Beberapa hasil penelitian yang dilakukan pada berbagai jenis tanah
menunjukkan bahwa berbagai macam sisa tanaman dapat dimanfaatkan sebagai mulsa
vertikal untuk memperbaiki sifat fisik, meningkatkan laju infiltrasi dan
produktivitas lahan (Parr,1959 ; Kingsley dan Shubeck, 1964 ; Fairbourn dan
Gardner, 1974 ; Rama Mohan Rao, Ranga Rao, Ramachandram dan Agnihotri, 1978).
Untuk mempermudah penerapan mulsa vertikal, Brata (1993) berusaha
memodifikasi teknik mulsa vertikal dengan memanfaatkan saluran teras gulud
untuk mengumpulkan sisa tanaman sebagai mulsa vertikal (Gambar 1). Hasil penelitian Brata (1995a, 1995b)

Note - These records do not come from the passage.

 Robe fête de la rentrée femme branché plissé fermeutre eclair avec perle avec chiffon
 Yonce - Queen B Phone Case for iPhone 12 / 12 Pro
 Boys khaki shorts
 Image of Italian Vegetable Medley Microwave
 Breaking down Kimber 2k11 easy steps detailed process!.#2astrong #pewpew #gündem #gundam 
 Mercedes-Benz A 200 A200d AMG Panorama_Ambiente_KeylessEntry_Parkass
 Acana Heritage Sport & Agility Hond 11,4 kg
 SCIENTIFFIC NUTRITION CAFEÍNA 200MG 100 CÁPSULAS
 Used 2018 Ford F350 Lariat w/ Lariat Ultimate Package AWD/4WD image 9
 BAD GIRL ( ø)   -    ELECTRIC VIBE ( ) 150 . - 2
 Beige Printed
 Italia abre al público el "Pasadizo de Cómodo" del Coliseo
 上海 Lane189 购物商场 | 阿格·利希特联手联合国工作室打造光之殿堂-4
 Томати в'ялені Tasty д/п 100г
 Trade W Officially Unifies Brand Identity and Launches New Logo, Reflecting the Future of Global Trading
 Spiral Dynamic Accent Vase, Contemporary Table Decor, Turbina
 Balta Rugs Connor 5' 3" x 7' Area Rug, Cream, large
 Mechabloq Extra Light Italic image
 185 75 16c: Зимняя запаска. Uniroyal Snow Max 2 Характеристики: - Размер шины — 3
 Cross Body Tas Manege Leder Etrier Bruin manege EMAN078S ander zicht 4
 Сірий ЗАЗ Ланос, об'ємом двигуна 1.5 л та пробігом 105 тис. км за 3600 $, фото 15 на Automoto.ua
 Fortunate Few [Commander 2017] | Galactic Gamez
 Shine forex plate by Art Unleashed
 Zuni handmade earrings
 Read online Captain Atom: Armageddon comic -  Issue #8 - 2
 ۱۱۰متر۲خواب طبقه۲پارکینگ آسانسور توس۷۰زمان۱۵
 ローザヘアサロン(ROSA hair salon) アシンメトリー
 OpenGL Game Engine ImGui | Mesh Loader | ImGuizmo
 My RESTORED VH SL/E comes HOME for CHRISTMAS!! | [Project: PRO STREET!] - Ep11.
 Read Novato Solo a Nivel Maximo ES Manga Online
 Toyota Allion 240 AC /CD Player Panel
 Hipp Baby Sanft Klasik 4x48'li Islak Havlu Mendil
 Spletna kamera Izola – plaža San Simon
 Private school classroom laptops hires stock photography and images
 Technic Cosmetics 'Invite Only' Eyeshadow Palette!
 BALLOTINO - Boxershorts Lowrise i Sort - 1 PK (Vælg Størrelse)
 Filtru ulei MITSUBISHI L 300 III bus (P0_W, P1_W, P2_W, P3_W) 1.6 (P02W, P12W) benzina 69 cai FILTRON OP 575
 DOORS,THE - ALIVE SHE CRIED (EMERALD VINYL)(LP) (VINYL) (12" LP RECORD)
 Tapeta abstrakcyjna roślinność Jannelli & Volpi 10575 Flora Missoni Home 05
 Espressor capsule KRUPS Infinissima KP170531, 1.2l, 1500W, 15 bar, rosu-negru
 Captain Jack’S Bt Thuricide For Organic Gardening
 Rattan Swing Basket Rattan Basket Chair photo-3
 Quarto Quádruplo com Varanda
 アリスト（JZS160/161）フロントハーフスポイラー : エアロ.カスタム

menunjukkan bahwa modifikasi teknik mulsa vertikal tersebut mampu dengan nyata
menurunkan jumlah aliran permukaan dan erosi, serta kehilangan hara yang
ditimbulkannya; dibandingkan dengan teras gulud dan mulsa konvensional. Modifikasi teknik mulsa tersebut telah
berhasil diterapkan untuk rehabilitasi lahan pada proyek Kaji Tindak Usaha
Pertanian Lahan Kering di Desa Sejuah, Kecamatan Kembayan, Kabupaten Sanggau -
Kalimantan Barat (Tim Lembaga Penelitian IPB, 1995) dan Proyek Rehabilitasi
Lahan dan Konservasi Tanah di Unit Pemukiman Transmigrasi Bekambit SP 2,
Kabupaten Kota Baru - Kalimantan Selatan (Fakultas Pertanian IPB, 1996).
|
Gambar 1. Modifikasi Teras Gulud
Dengan Mulsa Vertikal
Berdasarkan beberapa hasil penelitian dan pengamatan pada kaji tindak
(action research) tersebut, pada beberapa kesempatan presentasi teknik mulsa
vertikal, Brata (1995c) menyarankan perlu digunakannya teknik mulsa vertikal
untuk penyempurnaan budidaya lorong (Gambar 2).
a |
b |
Gambar
2. Budidaya lorong konvensional (a) dan
dengan mulsa vertikal (b)
Barisan tanaman pagar berperakaran dalam yang ditanam pada guludan diharapkan
dapat memperkuat guludan untuk menahan aliran permukaan dan menyerap unsur hara
dari subsoil untuk pendaur-ulangan unsur hara yang lebih efisien. Penanaman
tanaman pagar pada guludan juga dapat berfungsi ganda, antara lain: (1) untuk
memperkuat guludan, (2) menyerap kelebihan air dan unsur hara yang terkumpul di
saluran untuk menghasilkan bahan organik, serta (3) mengurangi volume perakaran
tanaman pagar yang dapat menjangkau dan bersaing dalam pengambilan air dan
unsur hara dengan tanaman budidaya.
Sedangkan saluran bermulsa sangat
penting untuk menampung dan meresapkan air aliran permukaan, sekaligus dapat
membatasi persaingan air dan unsur hara oleh perkembangan akar tanaman pagar ke
bidang pertanaman budidaya. Saluran juga
berfungsi untuk mengumpulkan sisa tanaman dan hasil pangkasan tanaman
pagar. Saluran teras gulud lebih
didayagunakan untuk tempat pengomposan, sekaligus dapat menambah permukaan
resapan yang berfungsi ganda yaitu untuk memperlancar drainase dari bidang
pertanaman di bagian hulu/atas dan untuk mengairi bidang pertanaman di bagian
hilir/bawah.
Pemanfaatan sisa tanaman sebagai mulsa vertikal untuk mengisi saluran teras
gulud dapat mempunyai manfaat ganda, antara lain: (1) sebelum mengalami pelapukan sisa tanaman
dapat mencegah longsornya dinding saluran serta melindungi permukaan resapan
dari tumbukan air hujan dan penyumbatan pori oleh sedimen halus, (2) aktivitas
organisme yang membantu proses pelapukan sisa tanaman bahkan dapat memperbaiki
kondisi fisik tanah sekitar saluran dan meningkatkan daya resap saluran, (3)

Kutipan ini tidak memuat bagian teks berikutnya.